TASK DESCRIPTION: In the entries below, find the line containing "Third World development" and the line containing "Dagger in the". Copy those two lines and everything between them exactly, without the pictures.

SUPPLIED ENTRIES:
---

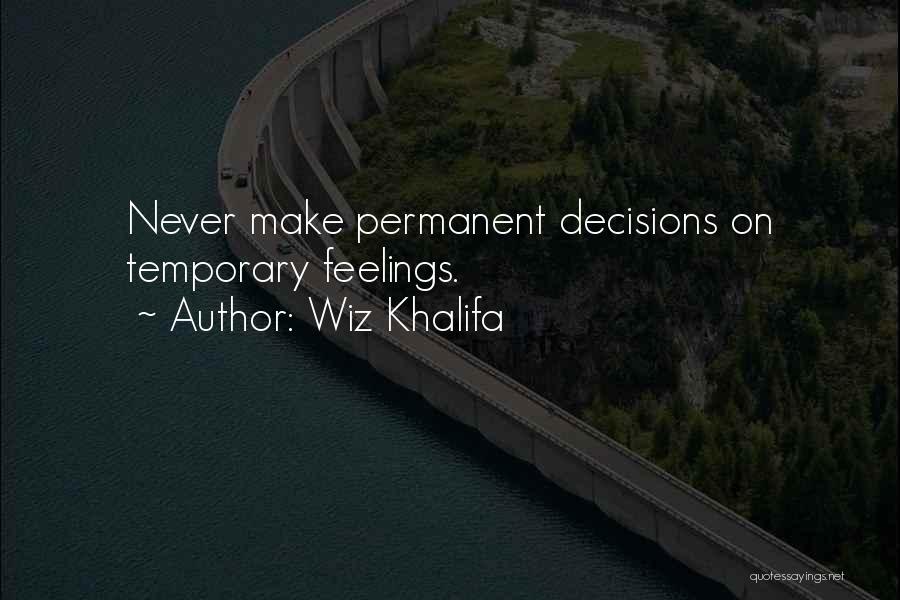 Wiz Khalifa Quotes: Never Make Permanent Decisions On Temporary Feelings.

---

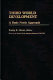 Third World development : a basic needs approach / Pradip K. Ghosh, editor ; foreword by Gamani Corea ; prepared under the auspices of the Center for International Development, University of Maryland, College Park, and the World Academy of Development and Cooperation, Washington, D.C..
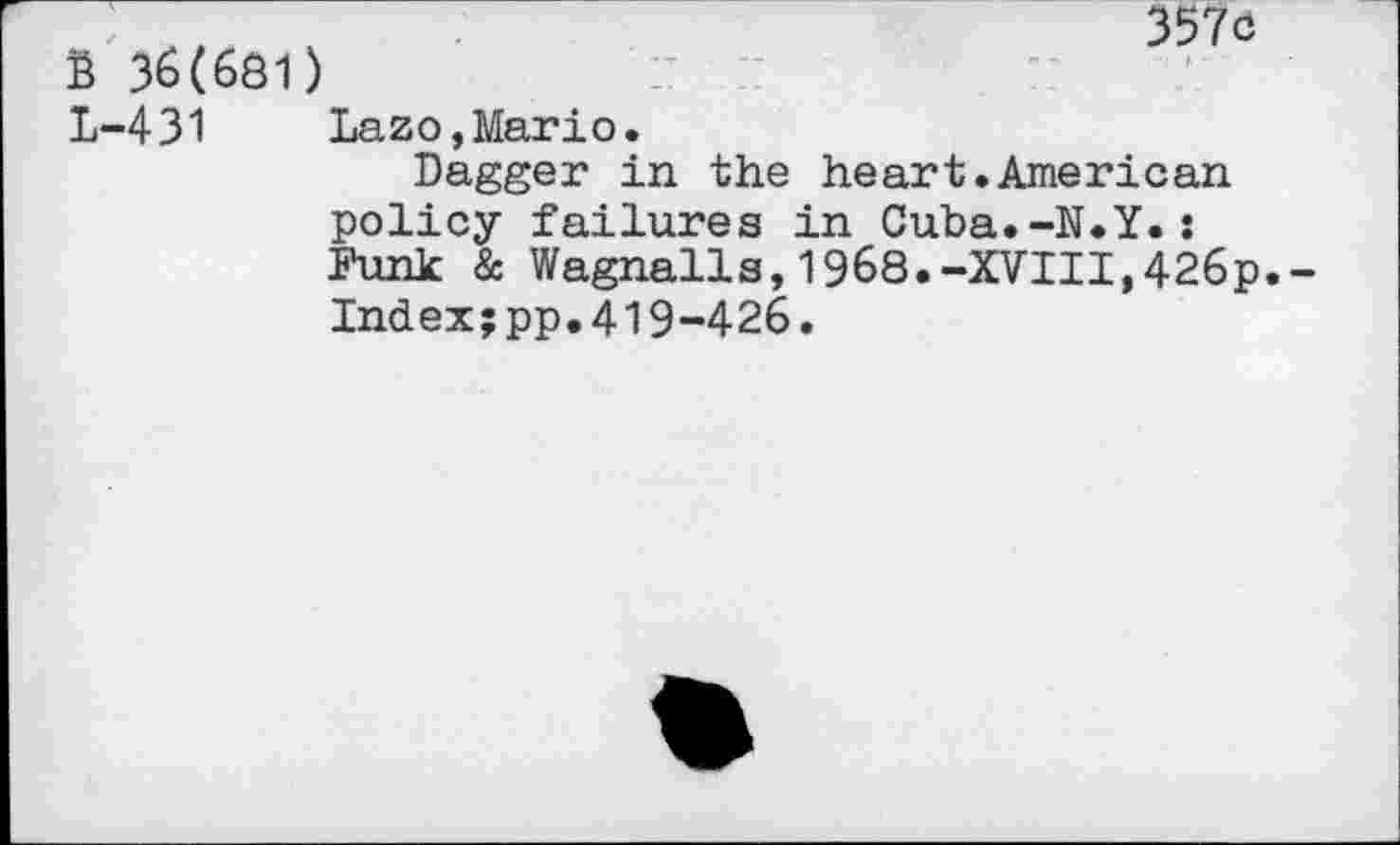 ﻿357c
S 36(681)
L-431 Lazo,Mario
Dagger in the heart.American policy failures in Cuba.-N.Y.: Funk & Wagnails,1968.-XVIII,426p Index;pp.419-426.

---

EXERCISE SOLUTION:
 Third World development : a basic needs approach / Pradip K. Ghosh, editor ; foreword by Gamani Corea ; prepared under the auspices of the Center for International Development, University of Maryland, College Park, and the World Academy of Development and Cooperation, Washington, D.C..
 ﻿357c
S 36(681)
L-431 Lazo,Mario
Dagger in the heart.American policy failures in Cuba.-N.Y.: Funk & Wagnails,1968.-XVIII,426p Index;pp.419-426.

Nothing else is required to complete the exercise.